Prospective guardians should consider reading The Guardianship Book, published by Nolo Press, and available in most California bookstores. This book discusses the court procedures and forms, and if you follow its instructions carefully, you should not need an attorney unless the guardianship is contested.
There are some situations in which an uncontested guardianship can still benefit from an attorney’s involvement. One excellent example is if the proposed guardian has a history of problems. An obvious question, if the child’s parents are drug addicts, alcoholics, or abusive toward children, is why a grandparent will do a better job raising the grandchildren than they did raising their own children. An attorney can identify reasons why the situation is different (or why the parent’s problems are not the fault of the grandparents), or can suggest strategies to resolve lingering problems. An attorney can also sometimes suggest ways to resolve disputes over visitation without court intervention.
What Does it Cost?
If you will hire an attorney to help you, you should expect to pay hourly fees ranging from $150 to $300 per hour, depending on the attorney’s experience and skill. Depending on the case, your attorney might spend as little as five hours or as many as 20-30 hours working on the guardianship matter. (In very rare cases, an attorney might need to spend many more hours.)
To make clients more comfortable, some attorneys sometimes agree to a flat fee or a maximum fee for representing the guardian, if the case is uncontested and there are no surprises. In such situations, the fee might be as little as $1,000. In addition, the client is responsible for the court filing fee (currently $185) and the Court Investigator’s Fee (currently $450 in Alameda County).
Clients who cannot afford attorney’s fees should contact their local county bar association or Volunteer Legal Services program(telephone 510-893-1031). In general, the court filing fee and court investigator’s fees can also be waived if the proposed guardian’s income is below specified levels.
Where to get more information
If you believe you need to obtain legal guardianship for a child, you should start your research with The Guardianship Book, from Nolo Press. This book is available in most California bookstores for about $25, and in many public libraries.
The California Continuing Education of the Bar (CEB) publishes a much more detailed book for lawyers, called “California Conservatorships and Guardianships.” This two-volume set discusses many issues in more detail, but most non-attorneys will find it less useful than the Nolo Press book.
Both of the above books are available in most public law libraries, which are generally located in or near each California Superior Court branches (including law libraries near the courthouses in Martinez, Oakland, and Hayward).

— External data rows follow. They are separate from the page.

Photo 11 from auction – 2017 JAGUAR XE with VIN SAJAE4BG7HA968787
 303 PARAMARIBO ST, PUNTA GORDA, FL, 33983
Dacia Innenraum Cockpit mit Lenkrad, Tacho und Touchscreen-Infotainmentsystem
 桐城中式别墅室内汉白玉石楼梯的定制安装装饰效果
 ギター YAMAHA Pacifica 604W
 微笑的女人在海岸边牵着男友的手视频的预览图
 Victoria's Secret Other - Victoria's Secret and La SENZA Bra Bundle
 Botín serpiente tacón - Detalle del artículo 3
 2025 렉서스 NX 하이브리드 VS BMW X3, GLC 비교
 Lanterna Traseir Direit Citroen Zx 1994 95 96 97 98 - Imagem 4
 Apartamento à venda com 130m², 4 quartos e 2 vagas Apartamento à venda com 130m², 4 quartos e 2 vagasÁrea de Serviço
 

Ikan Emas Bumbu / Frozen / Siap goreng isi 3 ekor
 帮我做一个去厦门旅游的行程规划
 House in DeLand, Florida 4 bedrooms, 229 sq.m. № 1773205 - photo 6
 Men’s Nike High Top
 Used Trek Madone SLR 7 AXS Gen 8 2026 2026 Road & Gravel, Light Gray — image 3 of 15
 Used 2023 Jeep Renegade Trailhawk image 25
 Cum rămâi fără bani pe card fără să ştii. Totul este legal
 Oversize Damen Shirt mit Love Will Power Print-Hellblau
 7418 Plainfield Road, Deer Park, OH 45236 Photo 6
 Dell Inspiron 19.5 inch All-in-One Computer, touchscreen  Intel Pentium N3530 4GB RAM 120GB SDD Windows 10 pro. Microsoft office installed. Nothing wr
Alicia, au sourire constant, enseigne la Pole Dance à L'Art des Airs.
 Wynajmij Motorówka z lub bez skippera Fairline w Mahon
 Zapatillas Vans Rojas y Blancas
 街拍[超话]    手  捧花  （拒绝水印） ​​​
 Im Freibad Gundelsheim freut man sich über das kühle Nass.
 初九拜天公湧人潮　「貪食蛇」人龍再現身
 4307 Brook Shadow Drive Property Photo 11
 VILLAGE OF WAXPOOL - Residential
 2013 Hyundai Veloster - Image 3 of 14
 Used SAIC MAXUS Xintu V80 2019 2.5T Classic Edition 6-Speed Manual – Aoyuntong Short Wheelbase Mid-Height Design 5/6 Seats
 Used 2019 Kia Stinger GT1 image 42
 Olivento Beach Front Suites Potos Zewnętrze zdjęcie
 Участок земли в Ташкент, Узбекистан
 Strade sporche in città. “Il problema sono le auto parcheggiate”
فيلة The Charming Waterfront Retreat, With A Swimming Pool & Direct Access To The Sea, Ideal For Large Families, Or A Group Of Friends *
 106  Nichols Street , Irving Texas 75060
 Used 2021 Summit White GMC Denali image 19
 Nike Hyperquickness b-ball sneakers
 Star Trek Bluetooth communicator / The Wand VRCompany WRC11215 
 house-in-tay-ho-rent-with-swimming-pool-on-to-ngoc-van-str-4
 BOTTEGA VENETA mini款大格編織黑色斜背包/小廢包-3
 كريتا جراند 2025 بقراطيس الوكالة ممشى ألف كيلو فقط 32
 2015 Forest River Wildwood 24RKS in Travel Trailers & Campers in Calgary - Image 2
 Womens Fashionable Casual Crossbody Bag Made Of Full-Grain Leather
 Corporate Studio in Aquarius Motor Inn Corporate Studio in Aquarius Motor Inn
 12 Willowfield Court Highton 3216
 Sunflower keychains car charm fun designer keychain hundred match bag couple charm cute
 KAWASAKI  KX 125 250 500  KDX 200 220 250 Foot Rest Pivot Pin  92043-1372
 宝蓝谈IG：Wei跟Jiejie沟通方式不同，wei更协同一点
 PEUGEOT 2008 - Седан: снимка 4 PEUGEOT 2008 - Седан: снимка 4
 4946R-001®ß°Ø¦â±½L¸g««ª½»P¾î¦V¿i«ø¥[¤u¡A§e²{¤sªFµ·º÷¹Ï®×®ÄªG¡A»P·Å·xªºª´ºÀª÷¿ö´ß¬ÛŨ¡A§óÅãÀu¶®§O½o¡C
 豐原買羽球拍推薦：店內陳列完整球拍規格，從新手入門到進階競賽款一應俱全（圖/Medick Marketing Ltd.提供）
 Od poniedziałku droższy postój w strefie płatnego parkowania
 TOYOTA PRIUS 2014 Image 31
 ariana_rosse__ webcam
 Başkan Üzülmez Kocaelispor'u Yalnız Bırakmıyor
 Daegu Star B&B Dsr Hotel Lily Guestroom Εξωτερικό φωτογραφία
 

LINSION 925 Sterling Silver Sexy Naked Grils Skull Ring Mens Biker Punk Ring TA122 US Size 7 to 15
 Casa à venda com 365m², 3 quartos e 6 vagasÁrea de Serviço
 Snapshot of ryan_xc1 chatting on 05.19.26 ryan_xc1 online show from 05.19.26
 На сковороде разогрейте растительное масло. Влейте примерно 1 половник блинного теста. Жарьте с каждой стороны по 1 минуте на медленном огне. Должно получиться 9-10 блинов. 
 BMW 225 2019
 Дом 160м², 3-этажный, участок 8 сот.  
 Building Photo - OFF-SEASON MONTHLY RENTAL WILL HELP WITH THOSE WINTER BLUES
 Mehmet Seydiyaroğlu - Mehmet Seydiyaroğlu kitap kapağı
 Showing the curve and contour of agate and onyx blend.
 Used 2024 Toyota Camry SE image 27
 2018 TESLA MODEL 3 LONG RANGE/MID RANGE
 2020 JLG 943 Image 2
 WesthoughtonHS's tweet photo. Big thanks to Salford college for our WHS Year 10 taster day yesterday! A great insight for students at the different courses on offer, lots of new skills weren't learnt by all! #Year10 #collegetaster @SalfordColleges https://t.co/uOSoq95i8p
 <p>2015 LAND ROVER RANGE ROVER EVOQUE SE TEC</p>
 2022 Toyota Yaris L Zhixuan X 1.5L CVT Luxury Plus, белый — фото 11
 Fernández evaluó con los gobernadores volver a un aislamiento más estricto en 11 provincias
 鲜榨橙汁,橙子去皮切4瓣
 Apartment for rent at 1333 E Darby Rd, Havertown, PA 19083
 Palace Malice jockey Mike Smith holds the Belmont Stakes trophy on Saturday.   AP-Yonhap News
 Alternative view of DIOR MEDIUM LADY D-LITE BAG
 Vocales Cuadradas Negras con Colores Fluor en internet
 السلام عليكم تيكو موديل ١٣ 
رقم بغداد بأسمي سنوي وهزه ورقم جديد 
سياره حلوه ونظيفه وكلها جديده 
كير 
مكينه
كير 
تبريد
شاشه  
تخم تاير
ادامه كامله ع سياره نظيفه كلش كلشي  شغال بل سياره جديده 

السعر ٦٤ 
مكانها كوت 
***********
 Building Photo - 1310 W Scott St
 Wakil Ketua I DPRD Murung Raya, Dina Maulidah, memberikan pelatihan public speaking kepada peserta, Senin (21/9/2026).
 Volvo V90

Some very small Superior Court branches (including Pleasanton’s) have very limited libraries that don’t include these books.
You can obtain a “packet” containing the required forms for a probate guardianship from the court clerk’s office. Be sure to ask for all required forms, including the initial filing forms as well as any special forms that must be submitted to the court investigator (in Alameda County, these are two separate packets). The packet will cost several dollars. Alternatively, you can copy the required forms from the California Judicial Council Forms, available in many libraries.